- _Prompt_
Could you copy each line of the entries that contains "Tree"?

....................

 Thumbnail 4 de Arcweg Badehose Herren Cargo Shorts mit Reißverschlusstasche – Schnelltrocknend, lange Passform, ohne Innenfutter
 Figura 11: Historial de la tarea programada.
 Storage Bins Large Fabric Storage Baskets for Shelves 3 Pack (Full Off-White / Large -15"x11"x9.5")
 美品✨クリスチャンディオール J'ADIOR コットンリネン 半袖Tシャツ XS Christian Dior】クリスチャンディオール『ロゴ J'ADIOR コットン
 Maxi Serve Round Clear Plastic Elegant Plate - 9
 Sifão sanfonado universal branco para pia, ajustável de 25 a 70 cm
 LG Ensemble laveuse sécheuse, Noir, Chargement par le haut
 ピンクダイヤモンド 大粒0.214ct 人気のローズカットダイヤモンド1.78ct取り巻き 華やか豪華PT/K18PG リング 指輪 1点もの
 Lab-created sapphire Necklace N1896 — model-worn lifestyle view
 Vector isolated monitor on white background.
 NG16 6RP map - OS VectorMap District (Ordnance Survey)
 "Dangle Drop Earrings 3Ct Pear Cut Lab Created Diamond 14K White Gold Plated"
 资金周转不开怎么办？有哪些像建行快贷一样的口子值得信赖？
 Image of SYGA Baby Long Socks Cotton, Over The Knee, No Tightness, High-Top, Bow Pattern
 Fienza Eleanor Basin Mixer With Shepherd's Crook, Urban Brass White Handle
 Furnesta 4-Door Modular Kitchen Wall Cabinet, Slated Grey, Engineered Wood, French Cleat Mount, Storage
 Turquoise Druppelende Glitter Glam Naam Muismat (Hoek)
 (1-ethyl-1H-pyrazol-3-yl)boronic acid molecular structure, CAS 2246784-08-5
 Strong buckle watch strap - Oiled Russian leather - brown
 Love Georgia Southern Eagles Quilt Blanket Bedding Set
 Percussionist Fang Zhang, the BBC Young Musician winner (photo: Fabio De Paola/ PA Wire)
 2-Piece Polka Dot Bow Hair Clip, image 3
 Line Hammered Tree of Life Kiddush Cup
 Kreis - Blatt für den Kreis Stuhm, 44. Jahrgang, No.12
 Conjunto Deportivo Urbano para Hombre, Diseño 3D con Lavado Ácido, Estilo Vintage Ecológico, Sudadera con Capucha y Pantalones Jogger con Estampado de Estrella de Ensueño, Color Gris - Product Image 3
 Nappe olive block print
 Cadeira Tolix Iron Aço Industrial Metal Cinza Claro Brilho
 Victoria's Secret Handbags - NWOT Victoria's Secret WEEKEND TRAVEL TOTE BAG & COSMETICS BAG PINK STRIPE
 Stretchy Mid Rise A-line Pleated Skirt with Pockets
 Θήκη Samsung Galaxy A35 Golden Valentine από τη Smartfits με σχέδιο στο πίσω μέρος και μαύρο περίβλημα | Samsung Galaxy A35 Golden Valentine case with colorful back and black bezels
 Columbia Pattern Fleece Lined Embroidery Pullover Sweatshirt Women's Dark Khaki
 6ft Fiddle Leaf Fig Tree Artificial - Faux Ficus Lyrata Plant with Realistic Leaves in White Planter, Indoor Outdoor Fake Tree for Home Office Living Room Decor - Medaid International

....................

- _Response to the exercise_
 Line Hammered Tree of Life Kiddush Cup
 6ft Fiddle Leaf Fig Tree Artificial - Faux Ficus Lyrata Plant with Realistic Leaves in White Planter, Indoor Outdoor Fake Tree for Home Office Living Room Decor - Medaid International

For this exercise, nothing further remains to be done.